H[1,1] = −Δx/r² = −3/25 = −0.12

Full H: [[−0.6, −0.8, 0], [0.16, −0.12, −1]]

The bearing row has much smaller magnitudes (0.16, 0.12) than the range row (0.6, 0.8) because bearing changes slowly with position but directly with heading (−1 in the θ column).

Exercise 2.5: Innovation Derive

Predicted state: robot at (3, 4, 0). Expected measurement: h(x) = [5, 0.9273]^T. Actual measurement: z = [5.2, 0.95]^T. What is the range component of the innovation (residual)?

meters

Show derivation

y = z − h(x̄) = [5.2 − 5, 0.95 − 0.9273] = [0.2, 0.0227]

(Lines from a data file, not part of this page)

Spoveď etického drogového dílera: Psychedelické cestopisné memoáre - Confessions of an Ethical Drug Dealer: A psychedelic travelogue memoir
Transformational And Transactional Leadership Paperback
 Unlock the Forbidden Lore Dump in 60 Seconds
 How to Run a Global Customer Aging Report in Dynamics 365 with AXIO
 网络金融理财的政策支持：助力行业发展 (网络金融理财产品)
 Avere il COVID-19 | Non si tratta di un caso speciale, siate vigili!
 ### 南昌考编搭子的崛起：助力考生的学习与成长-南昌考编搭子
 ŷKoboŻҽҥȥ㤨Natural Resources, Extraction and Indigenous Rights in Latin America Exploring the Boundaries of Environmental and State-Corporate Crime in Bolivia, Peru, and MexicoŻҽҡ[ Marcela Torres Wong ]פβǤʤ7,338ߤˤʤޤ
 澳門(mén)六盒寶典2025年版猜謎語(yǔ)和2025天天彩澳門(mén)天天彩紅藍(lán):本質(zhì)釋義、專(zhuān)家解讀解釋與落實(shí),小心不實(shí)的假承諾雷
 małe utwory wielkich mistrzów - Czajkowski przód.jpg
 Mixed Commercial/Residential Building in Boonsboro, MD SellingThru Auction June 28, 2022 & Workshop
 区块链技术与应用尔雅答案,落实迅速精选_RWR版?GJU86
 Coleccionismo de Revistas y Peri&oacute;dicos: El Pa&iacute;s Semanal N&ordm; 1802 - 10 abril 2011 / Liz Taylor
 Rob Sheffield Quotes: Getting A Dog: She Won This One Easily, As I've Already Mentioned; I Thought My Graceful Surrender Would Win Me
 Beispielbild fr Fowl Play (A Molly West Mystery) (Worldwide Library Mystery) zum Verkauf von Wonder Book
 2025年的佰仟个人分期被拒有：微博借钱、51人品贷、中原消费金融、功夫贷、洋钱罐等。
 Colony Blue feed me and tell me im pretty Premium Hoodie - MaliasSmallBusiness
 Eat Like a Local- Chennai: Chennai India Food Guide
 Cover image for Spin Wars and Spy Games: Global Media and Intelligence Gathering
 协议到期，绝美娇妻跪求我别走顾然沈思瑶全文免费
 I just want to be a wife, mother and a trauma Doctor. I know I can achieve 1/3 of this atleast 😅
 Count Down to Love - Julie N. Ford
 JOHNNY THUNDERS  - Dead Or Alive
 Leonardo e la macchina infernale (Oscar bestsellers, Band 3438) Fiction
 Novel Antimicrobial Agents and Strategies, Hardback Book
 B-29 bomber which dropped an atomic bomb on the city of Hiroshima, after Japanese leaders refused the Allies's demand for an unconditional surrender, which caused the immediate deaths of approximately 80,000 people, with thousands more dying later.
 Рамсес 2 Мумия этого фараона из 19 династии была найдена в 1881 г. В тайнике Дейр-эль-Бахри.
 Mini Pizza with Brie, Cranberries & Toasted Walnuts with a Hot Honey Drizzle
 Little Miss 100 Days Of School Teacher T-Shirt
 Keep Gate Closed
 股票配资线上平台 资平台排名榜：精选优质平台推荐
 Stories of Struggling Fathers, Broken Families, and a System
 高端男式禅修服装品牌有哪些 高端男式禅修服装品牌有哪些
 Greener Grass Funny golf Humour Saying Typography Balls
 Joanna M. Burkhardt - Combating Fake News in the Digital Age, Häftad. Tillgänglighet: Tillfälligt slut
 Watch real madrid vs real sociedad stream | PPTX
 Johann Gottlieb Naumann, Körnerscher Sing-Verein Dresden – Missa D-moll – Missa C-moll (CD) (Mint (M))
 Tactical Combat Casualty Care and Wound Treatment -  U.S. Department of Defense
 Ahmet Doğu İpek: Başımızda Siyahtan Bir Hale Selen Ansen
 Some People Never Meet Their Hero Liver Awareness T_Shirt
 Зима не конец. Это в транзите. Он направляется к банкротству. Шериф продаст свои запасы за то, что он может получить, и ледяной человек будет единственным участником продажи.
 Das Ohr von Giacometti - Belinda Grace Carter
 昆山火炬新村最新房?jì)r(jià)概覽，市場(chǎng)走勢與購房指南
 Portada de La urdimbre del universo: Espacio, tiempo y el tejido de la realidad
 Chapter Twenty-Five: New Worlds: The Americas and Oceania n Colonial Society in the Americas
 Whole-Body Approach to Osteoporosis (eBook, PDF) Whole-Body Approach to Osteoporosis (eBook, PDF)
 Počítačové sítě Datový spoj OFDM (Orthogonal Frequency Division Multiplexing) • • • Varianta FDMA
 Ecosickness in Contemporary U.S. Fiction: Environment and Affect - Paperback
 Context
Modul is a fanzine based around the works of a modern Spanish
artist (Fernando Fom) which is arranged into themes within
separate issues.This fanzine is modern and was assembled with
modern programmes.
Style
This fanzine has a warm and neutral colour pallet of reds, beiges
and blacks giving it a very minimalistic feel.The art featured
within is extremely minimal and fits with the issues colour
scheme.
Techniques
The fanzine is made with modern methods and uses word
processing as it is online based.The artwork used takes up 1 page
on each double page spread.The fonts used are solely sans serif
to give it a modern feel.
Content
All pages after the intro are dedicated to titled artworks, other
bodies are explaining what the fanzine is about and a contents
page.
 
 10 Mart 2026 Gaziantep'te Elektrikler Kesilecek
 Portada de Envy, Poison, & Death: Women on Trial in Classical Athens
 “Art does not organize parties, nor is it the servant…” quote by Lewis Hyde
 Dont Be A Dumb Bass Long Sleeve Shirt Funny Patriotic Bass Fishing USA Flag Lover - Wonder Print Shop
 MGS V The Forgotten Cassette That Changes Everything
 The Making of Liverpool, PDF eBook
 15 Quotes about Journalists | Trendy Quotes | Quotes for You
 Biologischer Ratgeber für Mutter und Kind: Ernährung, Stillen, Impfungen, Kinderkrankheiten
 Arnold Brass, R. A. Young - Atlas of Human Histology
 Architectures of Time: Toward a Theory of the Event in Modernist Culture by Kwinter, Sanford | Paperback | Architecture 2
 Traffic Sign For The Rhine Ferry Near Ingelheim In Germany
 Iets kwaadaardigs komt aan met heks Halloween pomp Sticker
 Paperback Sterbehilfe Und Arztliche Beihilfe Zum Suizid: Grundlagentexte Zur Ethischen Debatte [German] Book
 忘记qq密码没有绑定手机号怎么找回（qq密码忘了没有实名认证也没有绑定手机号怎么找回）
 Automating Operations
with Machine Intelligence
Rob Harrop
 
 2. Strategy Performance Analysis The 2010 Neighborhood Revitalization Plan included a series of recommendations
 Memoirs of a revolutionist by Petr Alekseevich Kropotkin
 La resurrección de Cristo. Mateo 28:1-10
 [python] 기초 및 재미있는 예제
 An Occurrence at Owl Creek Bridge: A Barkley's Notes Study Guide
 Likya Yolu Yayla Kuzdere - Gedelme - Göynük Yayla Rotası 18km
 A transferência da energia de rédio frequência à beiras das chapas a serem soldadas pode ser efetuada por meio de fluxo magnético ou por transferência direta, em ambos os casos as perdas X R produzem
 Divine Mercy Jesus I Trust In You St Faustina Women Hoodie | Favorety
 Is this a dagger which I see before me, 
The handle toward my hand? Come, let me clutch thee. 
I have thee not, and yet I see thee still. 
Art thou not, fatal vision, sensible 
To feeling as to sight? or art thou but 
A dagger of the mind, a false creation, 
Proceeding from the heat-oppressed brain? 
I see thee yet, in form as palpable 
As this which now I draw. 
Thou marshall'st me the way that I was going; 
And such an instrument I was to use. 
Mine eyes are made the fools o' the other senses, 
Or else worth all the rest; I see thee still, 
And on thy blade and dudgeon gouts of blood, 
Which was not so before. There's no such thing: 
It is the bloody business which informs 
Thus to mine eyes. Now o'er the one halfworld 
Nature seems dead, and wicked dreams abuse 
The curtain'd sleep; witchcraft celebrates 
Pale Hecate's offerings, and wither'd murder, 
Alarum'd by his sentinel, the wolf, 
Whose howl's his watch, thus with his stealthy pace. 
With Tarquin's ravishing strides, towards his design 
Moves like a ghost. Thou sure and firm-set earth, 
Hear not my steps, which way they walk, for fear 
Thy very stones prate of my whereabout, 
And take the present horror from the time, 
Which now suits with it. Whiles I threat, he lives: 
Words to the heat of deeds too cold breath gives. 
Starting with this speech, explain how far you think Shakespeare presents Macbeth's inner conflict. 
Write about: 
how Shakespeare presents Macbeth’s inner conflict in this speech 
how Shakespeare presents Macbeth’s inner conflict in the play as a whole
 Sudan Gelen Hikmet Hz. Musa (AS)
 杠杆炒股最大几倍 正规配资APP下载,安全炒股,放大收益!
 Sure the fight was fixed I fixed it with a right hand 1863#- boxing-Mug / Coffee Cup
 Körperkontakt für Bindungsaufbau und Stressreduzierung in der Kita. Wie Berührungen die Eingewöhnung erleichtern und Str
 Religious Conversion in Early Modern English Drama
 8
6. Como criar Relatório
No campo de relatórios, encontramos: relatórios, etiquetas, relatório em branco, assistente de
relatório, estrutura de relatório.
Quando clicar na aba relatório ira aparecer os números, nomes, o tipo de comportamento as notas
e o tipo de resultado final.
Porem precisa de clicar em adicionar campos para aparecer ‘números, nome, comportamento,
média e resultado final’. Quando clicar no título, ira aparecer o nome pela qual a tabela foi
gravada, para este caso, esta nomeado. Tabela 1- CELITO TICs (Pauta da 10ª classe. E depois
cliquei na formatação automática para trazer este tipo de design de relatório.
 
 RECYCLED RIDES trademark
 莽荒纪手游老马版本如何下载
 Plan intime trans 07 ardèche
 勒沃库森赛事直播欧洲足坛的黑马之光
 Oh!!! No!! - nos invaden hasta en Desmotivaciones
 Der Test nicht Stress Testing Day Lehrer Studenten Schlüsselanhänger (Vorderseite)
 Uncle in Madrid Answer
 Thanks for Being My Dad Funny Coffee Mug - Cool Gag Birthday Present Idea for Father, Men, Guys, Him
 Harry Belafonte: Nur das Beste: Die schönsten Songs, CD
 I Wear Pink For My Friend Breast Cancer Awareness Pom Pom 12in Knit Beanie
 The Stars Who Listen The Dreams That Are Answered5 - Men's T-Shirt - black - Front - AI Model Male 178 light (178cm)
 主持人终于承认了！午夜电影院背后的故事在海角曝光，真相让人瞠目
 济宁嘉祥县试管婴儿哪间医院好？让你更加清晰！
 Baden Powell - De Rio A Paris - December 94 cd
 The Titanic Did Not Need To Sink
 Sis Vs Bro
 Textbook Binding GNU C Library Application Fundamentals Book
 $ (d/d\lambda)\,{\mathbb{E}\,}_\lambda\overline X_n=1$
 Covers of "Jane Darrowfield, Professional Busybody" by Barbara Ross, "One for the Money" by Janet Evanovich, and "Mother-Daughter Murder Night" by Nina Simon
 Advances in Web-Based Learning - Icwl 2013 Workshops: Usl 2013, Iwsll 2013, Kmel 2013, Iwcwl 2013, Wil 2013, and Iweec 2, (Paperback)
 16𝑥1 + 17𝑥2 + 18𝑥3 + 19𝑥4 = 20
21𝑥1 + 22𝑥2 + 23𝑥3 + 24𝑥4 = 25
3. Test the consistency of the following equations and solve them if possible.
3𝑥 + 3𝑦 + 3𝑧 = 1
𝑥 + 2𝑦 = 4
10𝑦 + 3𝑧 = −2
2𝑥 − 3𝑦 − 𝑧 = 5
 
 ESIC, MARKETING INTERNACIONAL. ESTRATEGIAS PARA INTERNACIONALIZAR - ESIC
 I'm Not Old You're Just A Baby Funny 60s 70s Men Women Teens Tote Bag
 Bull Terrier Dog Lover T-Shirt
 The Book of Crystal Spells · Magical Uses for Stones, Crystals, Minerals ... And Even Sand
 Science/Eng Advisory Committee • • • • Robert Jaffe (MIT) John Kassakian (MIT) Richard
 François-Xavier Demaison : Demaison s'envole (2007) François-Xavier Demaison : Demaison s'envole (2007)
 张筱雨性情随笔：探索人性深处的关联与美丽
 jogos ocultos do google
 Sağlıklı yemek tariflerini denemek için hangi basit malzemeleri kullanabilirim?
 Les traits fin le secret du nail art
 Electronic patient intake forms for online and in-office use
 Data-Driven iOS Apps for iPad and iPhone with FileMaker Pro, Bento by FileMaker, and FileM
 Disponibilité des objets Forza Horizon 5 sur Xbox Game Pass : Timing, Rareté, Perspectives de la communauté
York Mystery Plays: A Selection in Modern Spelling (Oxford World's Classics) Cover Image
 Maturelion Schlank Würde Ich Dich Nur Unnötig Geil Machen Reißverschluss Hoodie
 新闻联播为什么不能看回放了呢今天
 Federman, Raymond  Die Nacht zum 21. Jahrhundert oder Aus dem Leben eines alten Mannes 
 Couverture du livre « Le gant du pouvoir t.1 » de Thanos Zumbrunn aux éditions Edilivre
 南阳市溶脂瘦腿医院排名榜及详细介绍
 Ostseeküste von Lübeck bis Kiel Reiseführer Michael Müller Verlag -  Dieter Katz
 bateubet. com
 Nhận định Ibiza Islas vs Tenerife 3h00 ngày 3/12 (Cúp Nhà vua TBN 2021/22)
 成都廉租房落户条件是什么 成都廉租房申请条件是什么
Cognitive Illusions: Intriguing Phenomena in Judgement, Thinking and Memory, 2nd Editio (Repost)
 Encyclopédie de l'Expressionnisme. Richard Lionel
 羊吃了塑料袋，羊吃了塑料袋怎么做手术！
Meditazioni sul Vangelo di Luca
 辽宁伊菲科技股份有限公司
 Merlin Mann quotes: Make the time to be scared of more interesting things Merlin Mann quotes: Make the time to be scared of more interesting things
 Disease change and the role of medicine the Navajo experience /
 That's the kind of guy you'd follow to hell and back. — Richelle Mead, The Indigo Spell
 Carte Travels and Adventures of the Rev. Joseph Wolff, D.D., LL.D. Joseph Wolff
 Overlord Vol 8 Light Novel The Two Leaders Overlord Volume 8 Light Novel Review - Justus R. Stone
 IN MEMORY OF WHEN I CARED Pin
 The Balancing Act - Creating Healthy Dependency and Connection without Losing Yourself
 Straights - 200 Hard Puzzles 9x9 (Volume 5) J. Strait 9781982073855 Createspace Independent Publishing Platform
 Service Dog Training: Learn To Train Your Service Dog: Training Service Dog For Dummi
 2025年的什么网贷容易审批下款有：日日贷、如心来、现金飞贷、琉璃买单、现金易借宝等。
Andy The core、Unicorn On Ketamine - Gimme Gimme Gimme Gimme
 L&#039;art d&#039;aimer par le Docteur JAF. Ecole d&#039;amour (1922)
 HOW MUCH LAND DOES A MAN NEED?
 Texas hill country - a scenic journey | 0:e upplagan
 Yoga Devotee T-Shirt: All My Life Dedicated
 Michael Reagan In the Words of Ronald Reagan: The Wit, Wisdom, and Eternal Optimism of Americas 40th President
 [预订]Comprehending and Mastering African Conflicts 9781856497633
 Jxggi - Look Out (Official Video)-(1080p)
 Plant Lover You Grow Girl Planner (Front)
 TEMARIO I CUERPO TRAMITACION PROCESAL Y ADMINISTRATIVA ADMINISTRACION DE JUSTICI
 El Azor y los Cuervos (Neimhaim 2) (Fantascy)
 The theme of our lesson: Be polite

The range residual is +0.2m: the measurement says the landmark is slightly farther than we predicted. The bearing residual is +0.023 rad (~1.3°): the landmark appears slightly more to the left than expected. Both are small, suggesting our prediction is good.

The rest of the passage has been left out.